Records excerpted from a collection:

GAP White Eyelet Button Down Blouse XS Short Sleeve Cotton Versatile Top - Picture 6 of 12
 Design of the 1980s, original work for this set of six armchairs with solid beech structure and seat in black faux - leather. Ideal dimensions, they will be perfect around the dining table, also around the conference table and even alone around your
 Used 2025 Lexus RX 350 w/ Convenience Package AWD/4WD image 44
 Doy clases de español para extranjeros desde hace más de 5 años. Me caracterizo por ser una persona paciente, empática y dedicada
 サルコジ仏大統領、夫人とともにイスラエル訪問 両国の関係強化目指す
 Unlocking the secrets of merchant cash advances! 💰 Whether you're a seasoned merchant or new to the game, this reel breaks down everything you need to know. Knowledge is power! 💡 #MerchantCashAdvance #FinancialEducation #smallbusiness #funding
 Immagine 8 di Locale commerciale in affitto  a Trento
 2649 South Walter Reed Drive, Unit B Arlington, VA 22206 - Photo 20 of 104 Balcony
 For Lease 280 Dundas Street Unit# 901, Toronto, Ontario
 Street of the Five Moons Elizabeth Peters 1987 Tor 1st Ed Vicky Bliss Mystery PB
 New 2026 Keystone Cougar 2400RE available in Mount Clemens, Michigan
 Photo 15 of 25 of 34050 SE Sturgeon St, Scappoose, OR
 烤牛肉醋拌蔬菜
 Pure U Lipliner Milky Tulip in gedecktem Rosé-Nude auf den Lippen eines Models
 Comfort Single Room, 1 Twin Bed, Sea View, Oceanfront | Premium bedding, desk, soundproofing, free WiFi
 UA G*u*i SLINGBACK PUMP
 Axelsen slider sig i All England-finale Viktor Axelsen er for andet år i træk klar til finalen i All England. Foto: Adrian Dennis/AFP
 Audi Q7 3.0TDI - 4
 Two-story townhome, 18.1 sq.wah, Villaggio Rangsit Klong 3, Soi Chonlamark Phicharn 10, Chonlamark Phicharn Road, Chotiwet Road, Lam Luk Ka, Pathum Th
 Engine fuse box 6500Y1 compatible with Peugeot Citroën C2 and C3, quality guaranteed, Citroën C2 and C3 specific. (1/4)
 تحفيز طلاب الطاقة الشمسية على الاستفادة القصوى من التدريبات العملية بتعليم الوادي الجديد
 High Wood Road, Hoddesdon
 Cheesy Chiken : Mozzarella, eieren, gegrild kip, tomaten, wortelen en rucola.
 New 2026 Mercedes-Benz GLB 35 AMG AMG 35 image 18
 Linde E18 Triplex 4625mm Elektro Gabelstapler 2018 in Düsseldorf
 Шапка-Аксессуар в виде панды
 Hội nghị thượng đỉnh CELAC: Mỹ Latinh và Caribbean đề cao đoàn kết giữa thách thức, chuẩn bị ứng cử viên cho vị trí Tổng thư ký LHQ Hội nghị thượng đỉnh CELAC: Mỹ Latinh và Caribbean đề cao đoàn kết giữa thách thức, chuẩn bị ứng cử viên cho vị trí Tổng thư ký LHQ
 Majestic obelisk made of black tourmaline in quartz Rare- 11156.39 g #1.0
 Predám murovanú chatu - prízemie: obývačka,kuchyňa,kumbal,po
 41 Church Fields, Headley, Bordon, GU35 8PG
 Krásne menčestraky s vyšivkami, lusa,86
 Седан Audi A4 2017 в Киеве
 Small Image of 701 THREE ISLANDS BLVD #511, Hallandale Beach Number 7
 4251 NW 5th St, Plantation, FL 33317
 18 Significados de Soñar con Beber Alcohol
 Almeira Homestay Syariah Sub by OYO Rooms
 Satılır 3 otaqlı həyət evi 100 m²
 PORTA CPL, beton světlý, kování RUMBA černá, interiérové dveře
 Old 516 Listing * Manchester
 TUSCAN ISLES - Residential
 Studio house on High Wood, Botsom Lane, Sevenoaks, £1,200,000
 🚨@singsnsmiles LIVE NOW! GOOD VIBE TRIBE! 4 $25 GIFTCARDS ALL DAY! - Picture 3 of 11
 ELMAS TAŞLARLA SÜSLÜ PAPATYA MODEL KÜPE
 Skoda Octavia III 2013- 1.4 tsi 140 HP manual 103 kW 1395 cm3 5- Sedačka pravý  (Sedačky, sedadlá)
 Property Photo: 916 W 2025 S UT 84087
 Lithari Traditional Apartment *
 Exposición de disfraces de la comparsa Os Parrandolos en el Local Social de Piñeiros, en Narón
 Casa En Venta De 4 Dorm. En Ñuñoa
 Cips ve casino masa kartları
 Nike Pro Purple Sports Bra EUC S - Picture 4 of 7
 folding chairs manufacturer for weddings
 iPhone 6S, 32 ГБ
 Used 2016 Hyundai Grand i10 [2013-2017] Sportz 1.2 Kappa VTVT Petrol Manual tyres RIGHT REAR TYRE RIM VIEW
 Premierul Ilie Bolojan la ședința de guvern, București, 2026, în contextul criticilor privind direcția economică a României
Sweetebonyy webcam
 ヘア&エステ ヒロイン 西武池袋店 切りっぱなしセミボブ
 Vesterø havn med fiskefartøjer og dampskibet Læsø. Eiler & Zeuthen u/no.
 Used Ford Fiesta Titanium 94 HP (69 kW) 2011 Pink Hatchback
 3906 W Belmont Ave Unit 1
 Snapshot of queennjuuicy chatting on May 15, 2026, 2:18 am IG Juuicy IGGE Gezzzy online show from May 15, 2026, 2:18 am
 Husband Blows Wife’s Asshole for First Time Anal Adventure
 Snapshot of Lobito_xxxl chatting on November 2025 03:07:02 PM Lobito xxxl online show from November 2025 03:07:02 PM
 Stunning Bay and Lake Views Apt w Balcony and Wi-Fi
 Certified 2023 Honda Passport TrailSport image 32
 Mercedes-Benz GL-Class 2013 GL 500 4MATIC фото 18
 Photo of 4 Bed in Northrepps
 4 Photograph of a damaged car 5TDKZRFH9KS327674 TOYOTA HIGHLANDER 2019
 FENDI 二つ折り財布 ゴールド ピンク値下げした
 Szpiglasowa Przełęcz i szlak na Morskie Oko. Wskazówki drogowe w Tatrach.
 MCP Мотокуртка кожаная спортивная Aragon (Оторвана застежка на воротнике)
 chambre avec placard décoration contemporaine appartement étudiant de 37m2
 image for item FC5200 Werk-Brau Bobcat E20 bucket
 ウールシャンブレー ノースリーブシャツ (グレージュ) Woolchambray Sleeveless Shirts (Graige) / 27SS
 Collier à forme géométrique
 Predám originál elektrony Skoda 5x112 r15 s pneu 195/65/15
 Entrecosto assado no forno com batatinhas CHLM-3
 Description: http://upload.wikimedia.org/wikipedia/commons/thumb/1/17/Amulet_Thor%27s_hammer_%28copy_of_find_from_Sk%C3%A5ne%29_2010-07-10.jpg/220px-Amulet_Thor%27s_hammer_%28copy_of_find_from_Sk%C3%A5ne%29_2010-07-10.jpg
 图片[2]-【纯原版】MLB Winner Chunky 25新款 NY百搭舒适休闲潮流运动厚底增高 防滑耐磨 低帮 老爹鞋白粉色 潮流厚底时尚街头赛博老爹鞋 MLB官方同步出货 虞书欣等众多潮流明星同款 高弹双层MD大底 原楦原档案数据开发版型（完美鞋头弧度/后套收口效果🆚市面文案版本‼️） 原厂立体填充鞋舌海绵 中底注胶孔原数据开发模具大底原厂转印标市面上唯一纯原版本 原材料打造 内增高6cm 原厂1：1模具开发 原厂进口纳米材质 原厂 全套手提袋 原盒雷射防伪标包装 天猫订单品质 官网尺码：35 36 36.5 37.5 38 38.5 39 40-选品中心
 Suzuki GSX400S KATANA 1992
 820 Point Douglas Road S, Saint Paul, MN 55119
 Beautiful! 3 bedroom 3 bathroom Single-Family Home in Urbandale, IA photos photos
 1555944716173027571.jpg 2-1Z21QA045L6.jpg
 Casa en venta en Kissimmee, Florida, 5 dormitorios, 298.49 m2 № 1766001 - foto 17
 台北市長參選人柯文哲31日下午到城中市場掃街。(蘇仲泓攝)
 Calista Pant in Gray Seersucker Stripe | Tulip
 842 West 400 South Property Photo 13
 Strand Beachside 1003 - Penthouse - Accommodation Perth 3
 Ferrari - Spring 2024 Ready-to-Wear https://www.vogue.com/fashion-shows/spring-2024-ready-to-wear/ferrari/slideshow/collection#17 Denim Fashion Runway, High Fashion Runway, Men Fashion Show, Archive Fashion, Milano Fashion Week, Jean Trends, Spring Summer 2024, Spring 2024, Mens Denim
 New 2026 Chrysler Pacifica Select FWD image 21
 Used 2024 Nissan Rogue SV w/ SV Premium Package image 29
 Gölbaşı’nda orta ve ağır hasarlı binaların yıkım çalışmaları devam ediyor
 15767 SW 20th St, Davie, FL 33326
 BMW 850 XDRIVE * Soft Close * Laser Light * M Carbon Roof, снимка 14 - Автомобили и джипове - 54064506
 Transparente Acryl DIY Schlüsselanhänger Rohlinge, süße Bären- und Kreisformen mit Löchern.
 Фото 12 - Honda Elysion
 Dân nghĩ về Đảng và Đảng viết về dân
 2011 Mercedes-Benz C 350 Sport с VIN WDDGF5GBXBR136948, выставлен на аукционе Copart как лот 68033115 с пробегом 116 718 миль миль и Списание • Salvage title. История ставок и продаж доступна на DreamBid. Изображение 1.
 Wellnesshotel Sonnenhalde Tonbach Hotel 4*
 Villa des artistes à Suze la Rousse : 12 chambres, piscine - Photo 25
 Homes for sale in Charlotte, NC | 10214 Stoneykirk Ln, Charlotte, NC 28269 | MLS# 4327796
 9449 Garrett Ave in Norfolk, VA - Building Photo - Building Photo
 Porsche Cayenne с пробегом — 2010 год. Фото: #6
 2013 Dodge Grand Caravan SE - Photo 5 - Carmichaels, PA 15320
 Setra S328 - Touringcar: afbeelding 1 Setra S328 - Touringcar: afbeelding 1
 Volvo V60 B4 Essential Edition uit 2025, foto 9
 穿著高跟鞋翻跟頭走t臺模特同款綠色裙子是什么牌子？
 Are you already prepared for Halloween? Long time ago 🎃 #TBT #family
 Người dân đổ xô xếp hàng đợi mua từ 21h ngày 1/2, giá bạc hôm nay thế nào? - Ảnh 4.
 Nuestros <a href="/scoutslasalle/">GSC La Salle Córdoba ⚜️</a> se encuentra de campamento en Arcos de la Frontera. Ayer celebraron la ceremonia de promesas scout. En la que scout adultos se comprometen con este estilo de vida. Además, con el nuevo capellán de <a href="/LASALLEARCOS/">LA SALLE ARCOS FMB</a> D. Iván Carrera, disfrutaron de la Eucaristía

What to work on: What is needed is an exact copy of the lines above, from the one containing "Audi Q7 3.0TDI - 4" through the one containing "Шапка-Аксессуар в виде панды", with nothing added.

Response to the task:
 Audi Q7 3.0TDI - 4
 Two-story townhome, 18.1 sq.wah, Villaggio Rangsit Klong 3, Soi Chonlamark Phicharn 10, Chonlamark Phicharn Road, Chotiwet Road, Lam Luk Ka, Pathum Th
 Engine fuse box 6500Y1 compatible with Peugeot Citroën C2 and C3, quality guaranteed, Citroën C2 and C3 specific. (1/4)
 تحفيز طلاب الطاقة الشمسية على الاستفادة القصوى من التدريبات العملية بتعليم الوادي الجديد
 High Wood Road, Hoddesdon
 Cheesy Chiken : Mozzarella, eieren, gegrild kip, tomaten, wortelen en rucola.
 New 2026 Mercedes-Benz GLB 35 AMG AMG 35 image 18
 Linde E18 Triplex 4625mm Elektro Gabelstapler 2018 in Düsseldorf
 Шапка-Аксессуар в виде панды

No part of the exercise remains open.